Lo que narra 12 años de esclavitud es una odisea vital, la de un hombre negro y libre que, de repente, se ve convertido en un esclavo. Sin derechos, sin nombre, sin dignidad, sin vida. Es una estructura común en el cine contemporáneo la de seguir a un mismo personaje más o menos anónimo a través de un periodo largo de tiempo en un viaje tan dramático como éste para narrar un drama más grande que el suyo personal, pero Steve McQueen, el autor de la sorprendente Shame, sabe sacar partido a ese camino. Con algún leve fallo de continuidad o algún elemento mejorable en las elipsis, si se quiere, pero con una brillantez rotunda. Es el reflejo contemporáneo a los logros de Steven Spielberg en la infravalorada Amistad, una película que optó por otros caminos menos crudos y más poéticos. Los de McQueen son violentos y realistas, puñetazos que van directos al estómago del espectador para que pierda el aliento con Solomon Northup en su continua vejación. Son caminos sencillamente impresionantes a todos los niveles.
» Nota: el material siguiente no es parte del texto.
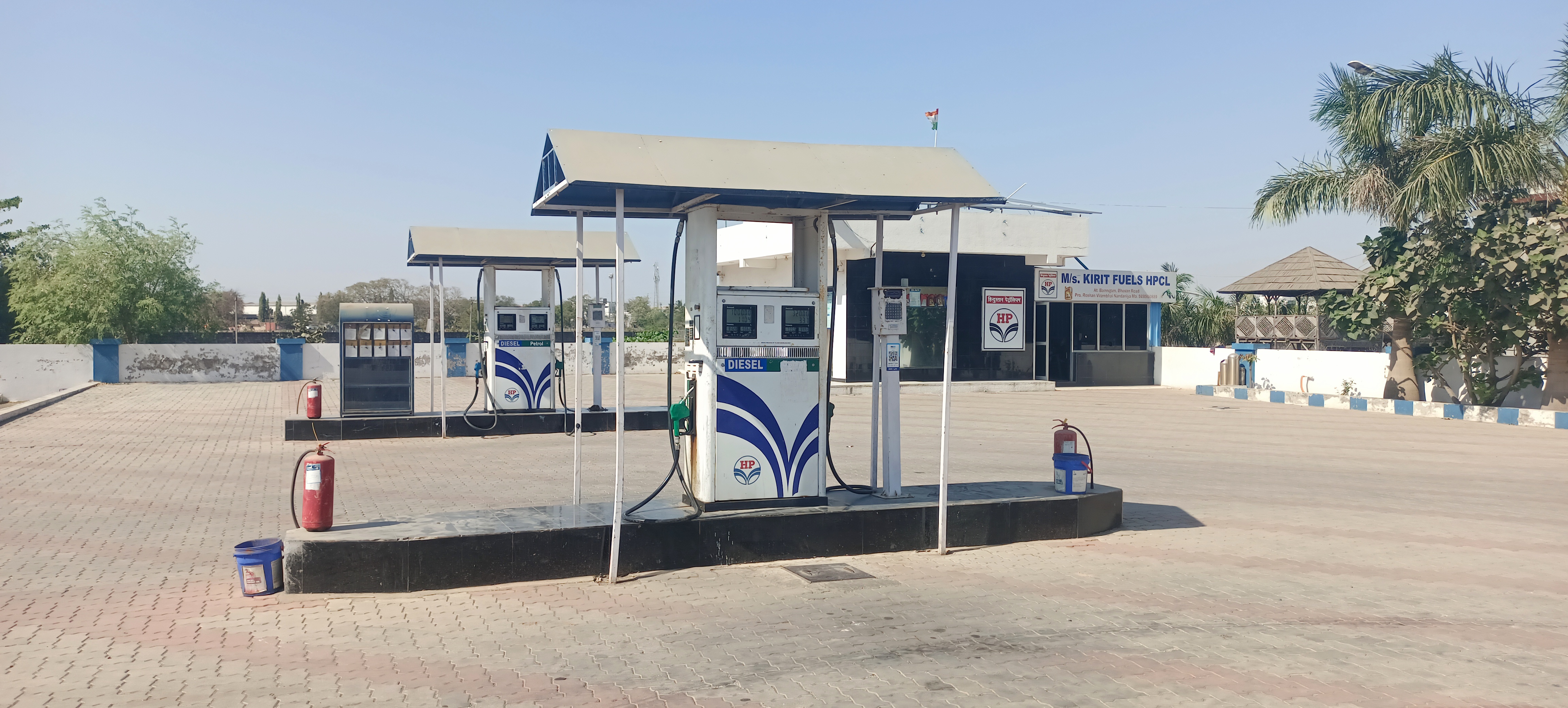 Hindustan Petroleum Corporation Limited - Bamangam, Junagadh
Y es que para una película así son imprescindibles dos elementos complementarios, y 12 años de esclavitud consigue sobresalir en los dos. El primero es un resultado interpretativo de primer nivel, que encabezan Chiwetel Ejiofor con incontables matices en su trabajo y Michael Fassbender con un retrato violento y sádico casi perfecto para un esclavista convencido, pero están secundados con una maestría elogiable por Benedict Cumberbacht o Paul Giamatti, en un breve pero crucial papel, como breve es la presencia de un Brad Pitt acostumbrado ya tanto a papeles protagonistas como a apariciones tan atractivas como mínimas en películas de renombre. El segundo, una puesta en escena absolutamente formidable, y eso es mérito indudable de McQueen, que juega a su antojo con los planos, con las luces y las sombras (sensacional trabajo de fotografía de Sean Bobbitt) o con la música (prodigioso Hans Zimmer, incluso en momentos pura y arriesgadamente experimentales).
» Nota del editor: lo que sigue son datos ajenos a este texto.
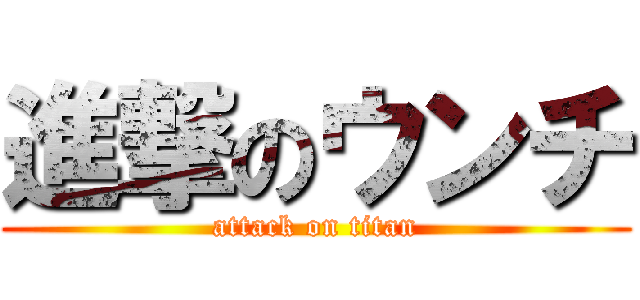 進撃のウンチ (attack on titan)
McQueen, apoyado en un reparto de lujo, consigue impresionar y emocionar de tantas maneras diferentes que es imposible enumerarlas todas en una crítica, pero es de justicia afirmar que imparte todo un curso de cine. Desde la escena en la que Solomon es apaleado ya como esclavo hasta el formidable clímax emocional que le coloca con el látigo en la mano, pasando por sus intentos de huida, su enfrentamiento con un capataz, su discusión sobre el recuerdo de sus hijos. Todo encaja en un cuadro complejo y sin cortapisas, en el que los secundarios juegan un papel terriblemente relevante para el conjunto de la historia, pero no como distracción sino para engrandecer el resultado final hasta unos niveles extraordinarios. 12 años de esclavitud es una de esas películas memorables que no sólo desmienten aquello de que ya no se hace buen cine, sino que dejan el espectador inmóvil en su butaca, padeciendo con el sufrimiento humano que plasma en la pantalla y, al mismo tiempo, deseoso de vitorear el resultado final en cuando se asume la crudeza de su descomunal relato.